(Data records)
================
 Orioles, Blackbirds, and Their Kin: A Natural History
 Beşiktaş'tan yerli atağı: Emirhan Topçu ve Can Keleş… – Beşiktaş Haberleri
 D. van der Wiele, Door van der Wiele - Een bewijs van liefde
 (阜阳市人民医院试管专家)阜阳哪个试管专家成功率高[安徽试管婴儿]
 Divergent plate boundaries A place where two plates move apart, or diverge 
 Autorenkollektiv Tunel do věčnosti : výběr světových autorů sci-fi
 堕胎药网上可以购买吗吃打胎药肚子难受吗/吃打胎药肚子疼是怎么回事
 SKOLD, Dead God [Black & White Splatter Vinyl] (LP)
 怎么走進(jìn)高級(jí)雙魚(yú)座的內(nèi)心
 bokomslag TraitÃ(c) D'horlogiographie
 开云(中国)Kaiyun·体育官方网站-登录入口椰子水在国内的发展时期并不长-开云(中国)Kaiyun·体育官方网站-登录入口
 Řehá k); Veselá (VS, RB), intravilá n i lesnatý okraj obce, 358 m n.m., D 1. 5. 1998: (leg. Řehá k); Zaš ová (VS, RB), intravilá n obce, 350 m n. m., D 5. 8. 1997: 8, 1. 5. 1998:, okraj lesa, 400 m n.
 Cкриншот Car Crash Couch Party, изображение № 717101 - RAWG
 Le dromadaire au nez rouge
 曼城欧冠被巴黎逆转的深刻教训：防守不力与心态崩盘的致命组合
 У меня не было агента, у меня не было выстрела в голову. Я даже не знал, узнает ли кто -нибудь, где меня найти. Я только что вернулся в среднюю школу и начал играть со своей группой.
================
▶ _Task brief_
The lines from the one with "Beşiktaş'tan yerli atağı: Emirhan" through the end of the data above are to be set down exactly, with both boundary lines included and no other lines.

▶ _Problem solution_
 Beşiktaş'tan yerli atağı: Emirhan Topçu ve Can Keleş… – Beşiktaş Haberleri
 D. van der Wiele, Door van der Wiele - Een bewijs van liefde
 (阜阳市人民医院试管专家)阜阳哪个试管专家成功率高[安徽试管婴儿]
 Divergent plate boundaries A place where two plates move apart, or diverge 
 Autorenkollektiv Tunel do věčnosti : výběr světových autorů sci-fi
 堕胎药网上可以购买吗吃打胎药肚子难受吗/吃打胎药肚子疼是怎么回事
 SKOLD, Dead God [Black & White Splatter Vinyl] (LP)
 怎么走進(jìn)高級(jí)雙魚(yú)座的內(nèi)心
 bokomslag TraitÃ(c) D'horlogiographie
 开云(中国)Kaiyun·体育官方网站-登录入口椰子水在国内的发展时期并不长-开云(中国)Kaiyun·体育官方网站-登录入口
 Řehá k); Veselá (VS, RB), intravilá n i lesnatý okraj obce, 358 m n.m., D 1. 5. 1998: (leg. Řehá k); Zaš ová (VS, RB), intravilá n obce, 350 m n. m., D 5. 8. 1997: 8, 1. 5. 1998:, okraj lesa, 400 m n.
 Cкриншот Car Crash Couch Party, изображение № 717101 - RAWG
 Le dromadaire au nez rouge
 曼城欧冠被巴黎逆转的深刻教训：防守不力与心态崩盘的致命组合
 У меня не было агента, у меня не было выстрела в голову. Я даже не знал, узнает ли кто -нибудь, где меня найти. Я только что вернулся в среднюю школу и начал играть со своей группой.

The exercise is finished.